ASSIGNMENT >> A faithful copy of the data is what is wanted, minus any pictures.

SUPPLIED INFORMATION >>
•••
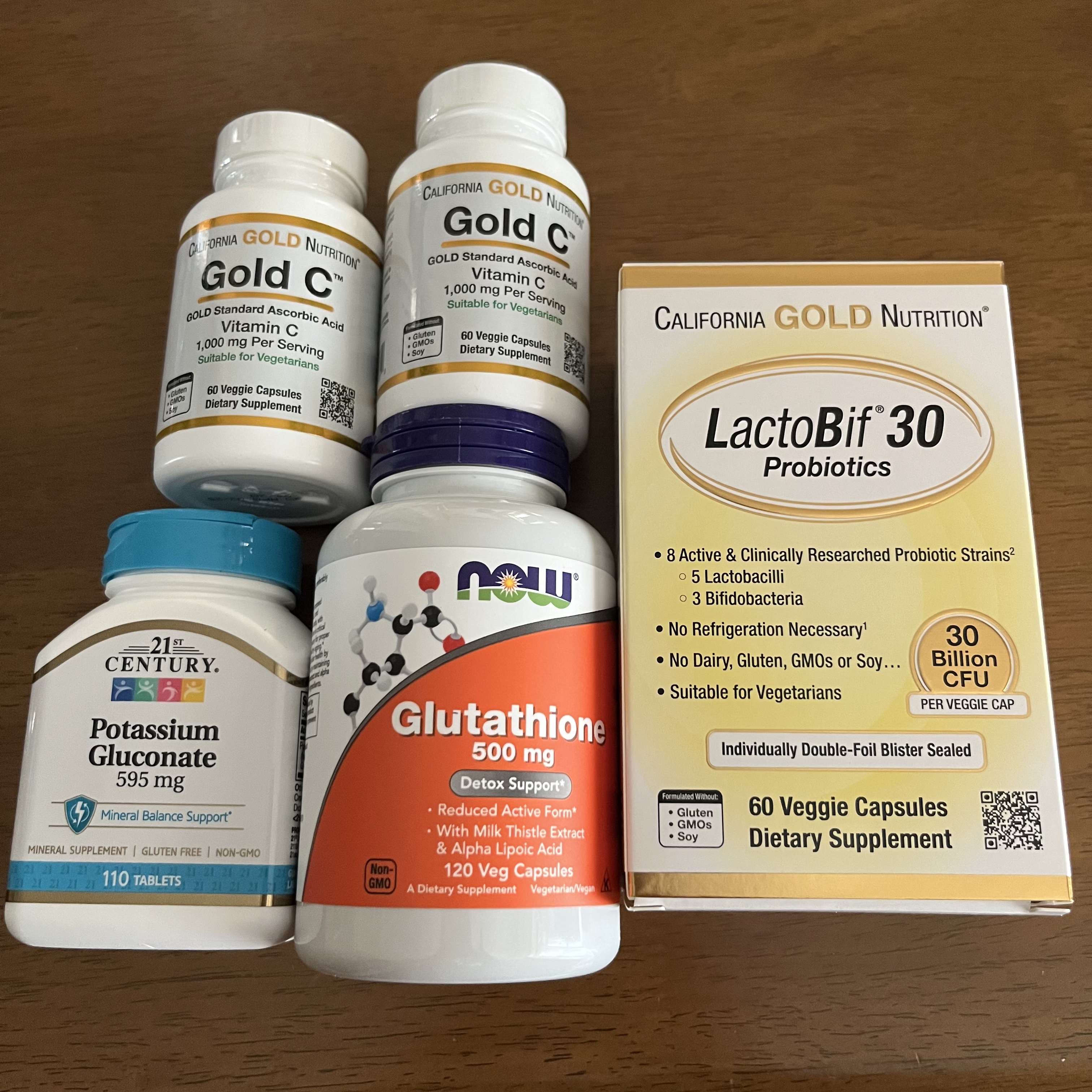 飲み始めたサプリ🫶

ビタミンを飲んだり飲まなかったり（意味ない）するくらいでしたが、最近毎日こちらを飲んでおります👍

まだ飲み始めなので、効果を感じるのはまだ先ですが右側の腸内環境を整えるものは便秘の家族が毎日出るようになったと言っ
•••
RESPONSE BOX >>
 飲み始めたサプリ🫶

ビタミンを飲んだり飲まなかったり（意味ない）するくらいでしたが、最近毎日こちらを飲んでおります👍

まだ飲み始めなので、効果を感じるのはまだ先ですが右側の腸内環境を整えるものは便秘の家族が毎日出るようになったと言っ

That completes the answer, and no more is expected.